Table of contents
1.
Introduction
2.
Reading a CSV File
2.1.
Using the csv module
3.
Using the pandas library
4.
Reading a CSV File Format in Python
4.1.
Using csv.DictReader() class
5.
Using pandas.read_csv() method
6.
Using csv.DictReader() class
7.
Using pandas.read_csv() method
8.
Frequently Asked Questions
8.1.
What is the difference between csv.reader() and csv.DictReader()?
8.2.
How do you handle missing values when reading a CSV file using pandas?
8.3.
Can you read a CSV file from a URL using pandas?
9.
Conclusion
Last Updated: Jun 20, 2024
Easy

Python Read CSV File

Author Rinki Deka
0 upvote
Career growth poll
Do you think IIT Guwahati certified course can help you in your career?

Introduction

CSV (Comma-Separated Values) is a simple file format used to store & organize data in a tabular structure.
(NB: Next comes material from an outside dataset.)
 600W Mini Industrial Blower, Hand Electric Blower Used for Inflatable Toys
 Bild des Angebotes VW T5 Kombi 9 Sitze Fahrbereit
It's a plain text file where each line represents a row & columns are separated by commas. CSV files are widely used for data exchange between different applications. Python provides built-in modules & libraries to read, write & manipulate CSV files easily. 

Python Read CSV File

In this article, we'll discuss different ways to read CSV files using Python, including the csv module & pandas library. 

Reading a CSV File

To read a CSV file in Python, you can use the built-in csv module or the pandas library. Here's how you can read a CSV file using these methods:

Using the csv module

The csv module provides functionality to read & write CSV files. Here's an example of how to read a CSV file using the csv.reader() function:

import csv
with open('example.csv', 'r') as file:
    csv_reader = csv.reader(file)
    for row in csv_reader:
        print(row)


In this code, we first import the csv module. Then, we open the CSV file named 'example.csv' in read mode using the open() function. We create a csv.reader object by passing the file object to csv.reader(). Finally, we iterate over each row in the CSV file using a for loop & print each row.

Using the pandas library

The pandas library is a powerful data manipulation & analysis library for Python. It provides a convenient way to read CSV files using the read_csv() function. Here's an example:

import pandas as pd
data = pd.read_csv('example.csv')
print(data)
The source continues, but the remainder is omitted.